=== Description of the task ===
Please copy exactly the line containing "Graue Wale, Whale" and every line after it, through the last line of the records below, leaving out all pictures.

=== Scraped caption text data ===
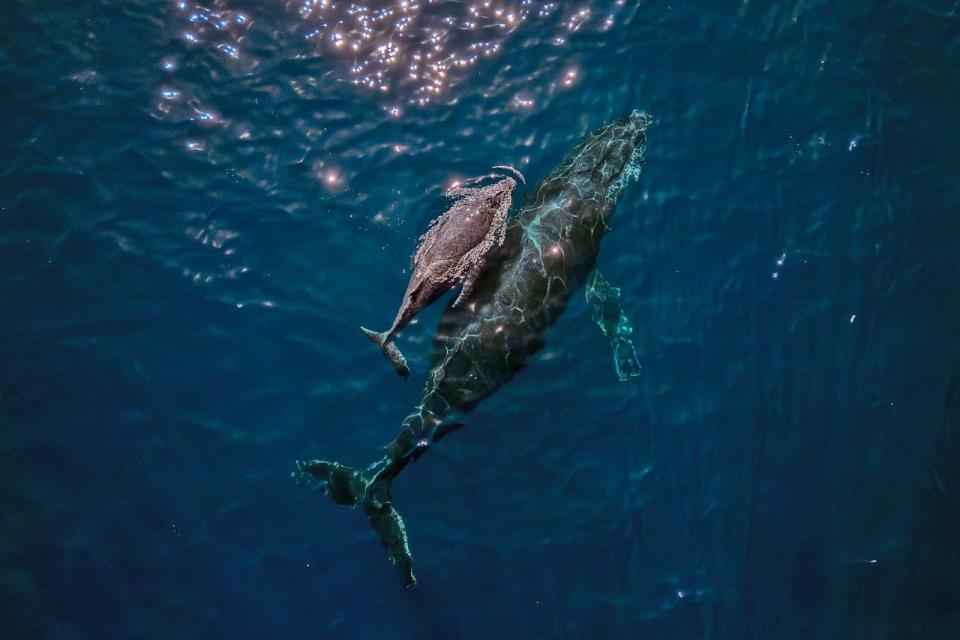 PHOTO: A mother humpback whale and calf are seen on the coast of Vitoria, Espirito Santo state, Brazil, Aug. 22, 2023.  (Carl De Souza/AFP via Getty Images)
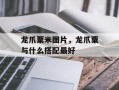 龙爪粟米图片，龙爪粟与什么搭配最好
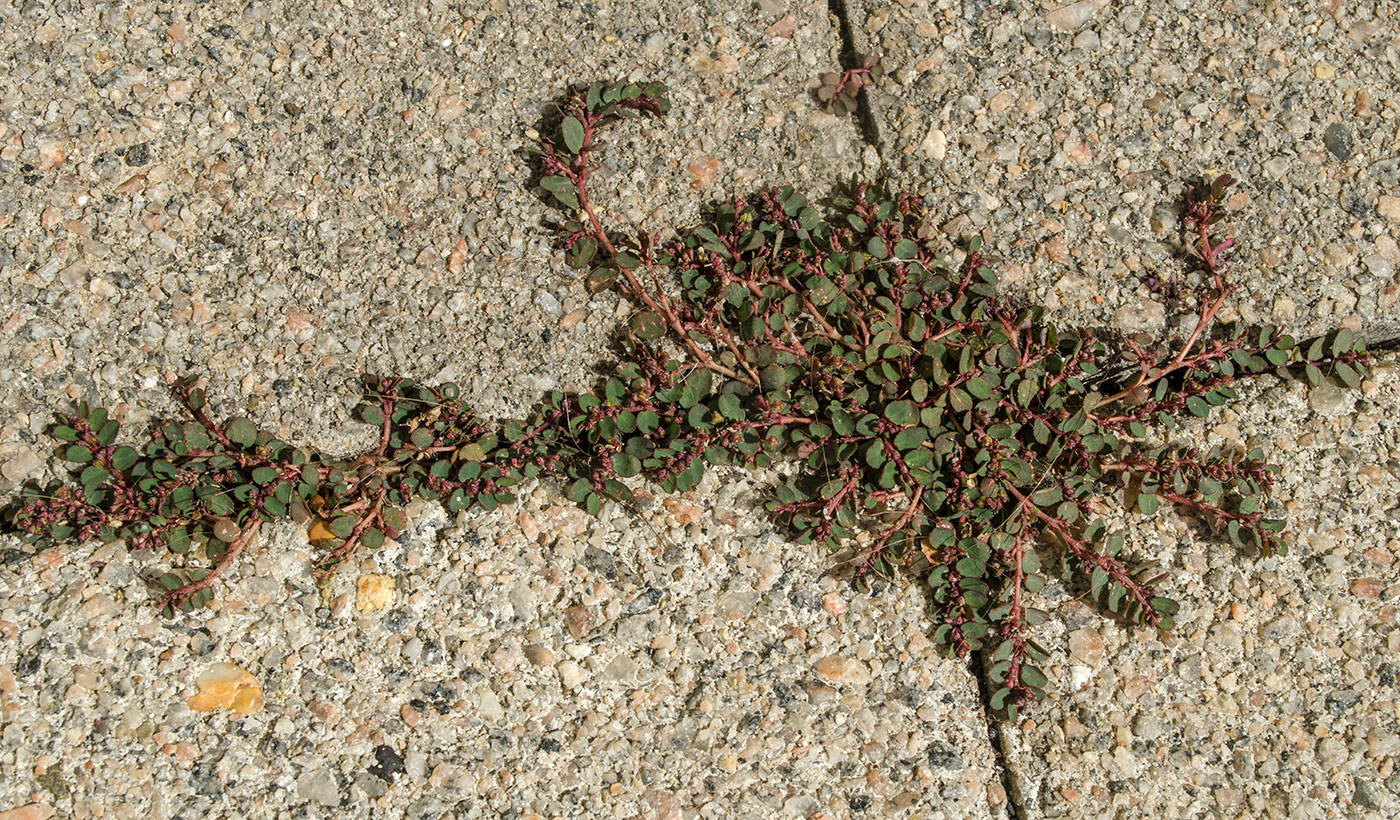 Image of genus Euphorbia specimen.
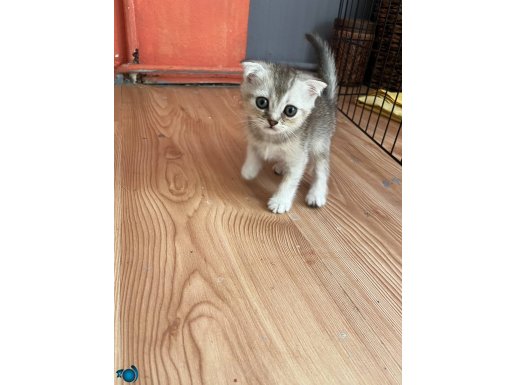 Scottish fold erkek bebeğimiz yeni yuvası için sabırsızlanı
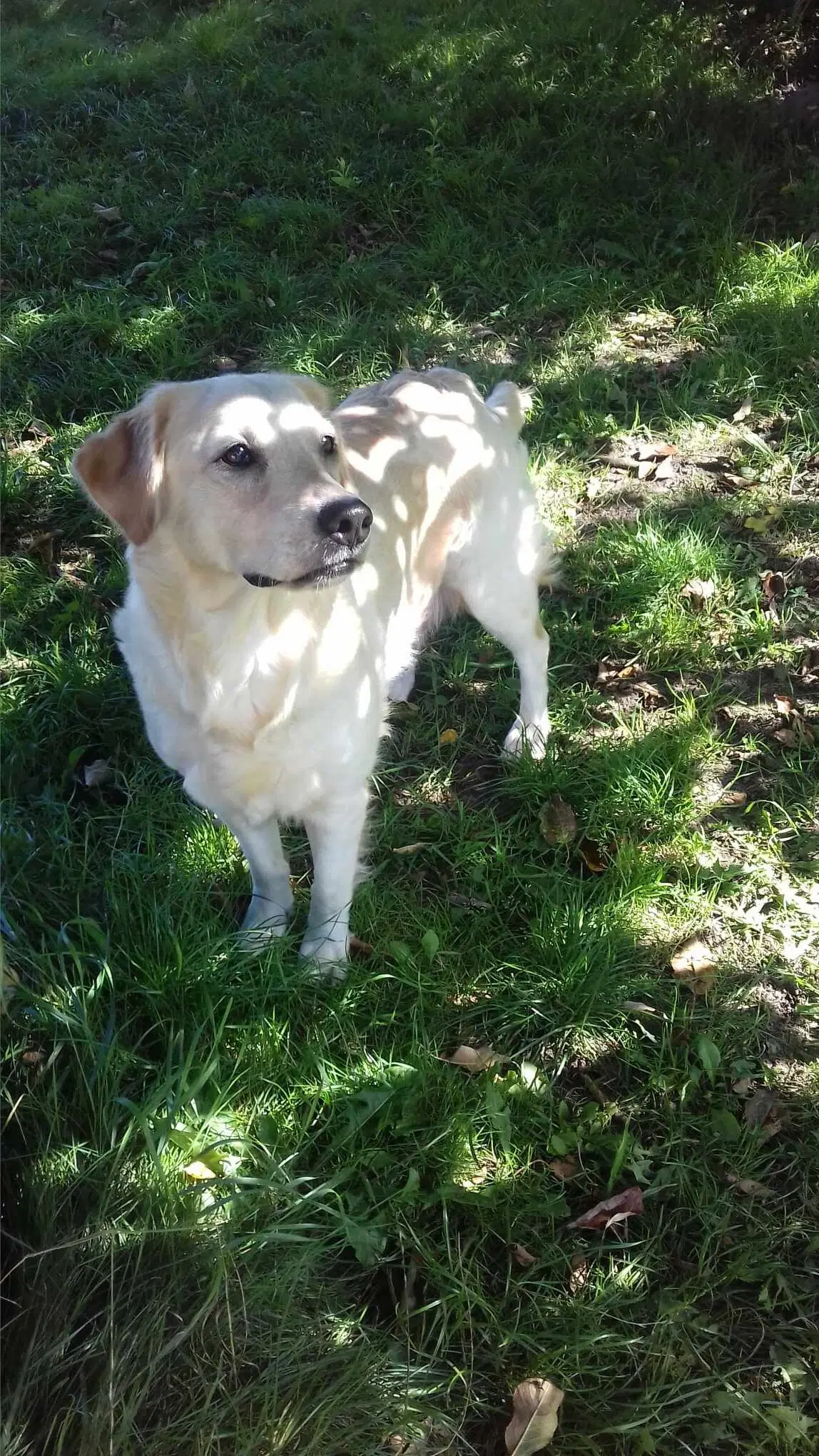 Labrador Retriever hvalpe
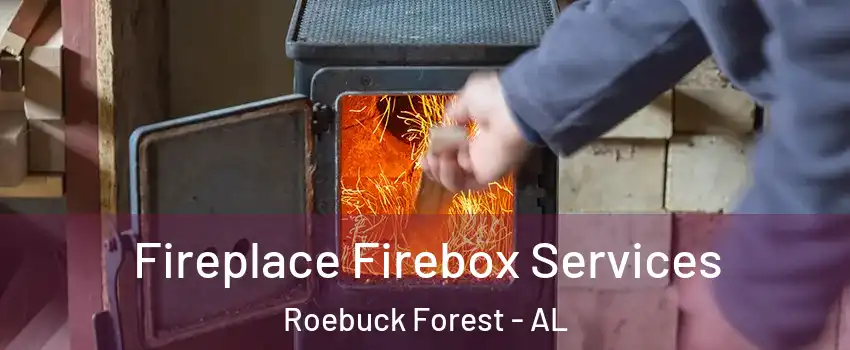 Fireplace Firebox Services Roebuck Forest - AL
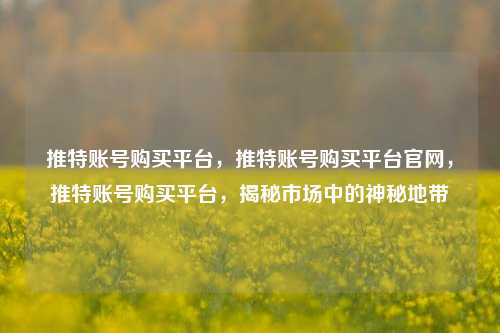 推特账号购买平台，推特账号购买平台官网，推特账号购买平台，揭秘市场中的神秘地带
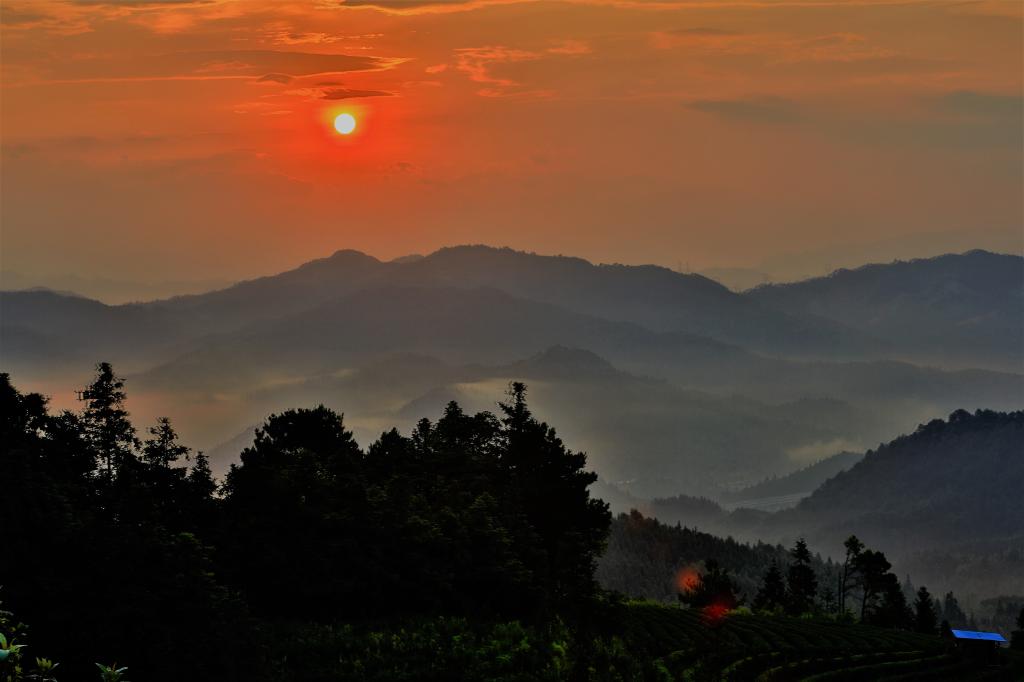 F224A56E355D5550B54772BED8C_9BBE9F27_AF36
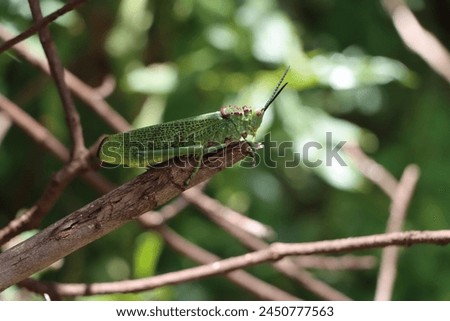Locust grasshopper kenya insect picture green closeup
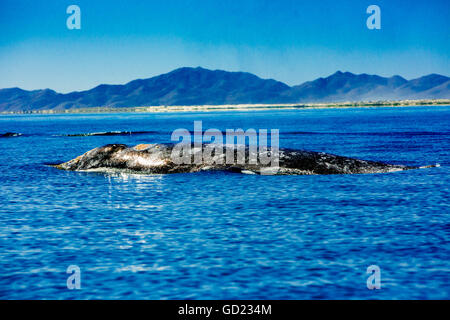 Graue Wale, Whale Watching, Magdalena Bay, Mexiko, Nordamerika Stockfoto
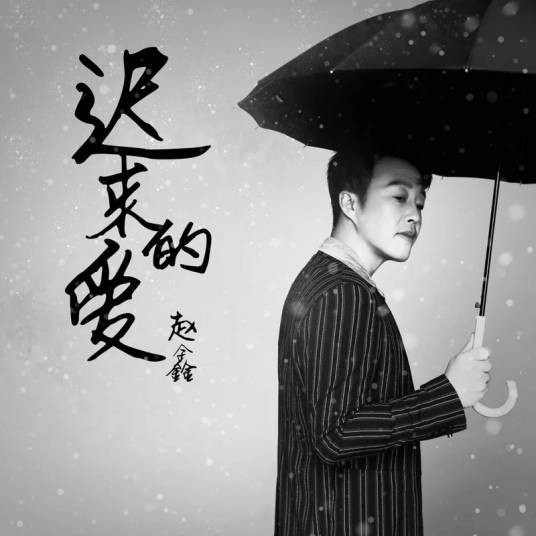 迟来的爱（赵鑫演唱的伤感情歌作品）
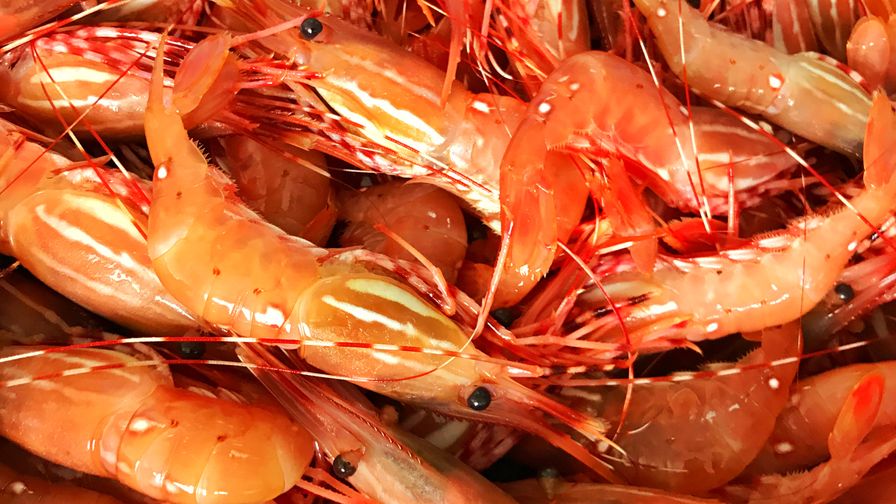 Canada Raw Sea Wild Spot Prawn 20/24 1kg Pkt - Frozen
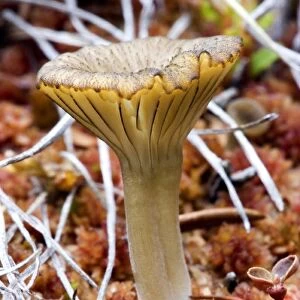 An arctic mushroom (approximately 3cm tall) emerges from wet tundra - Arctic National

=== Task response ===
 Graue Wale, Whale Watching, Magdalena Bay, Mexiko, Nordamerika Stockfoto
 迟来的爱（赵鑫演唱的伤感情歌作品）
 Canada Raw Sea Wild Spot Prawn 20/24 1kg Pkt - Frozen
 An arctic mushroom (approximately 3cm tall) emerges from wet tundra - Arctic National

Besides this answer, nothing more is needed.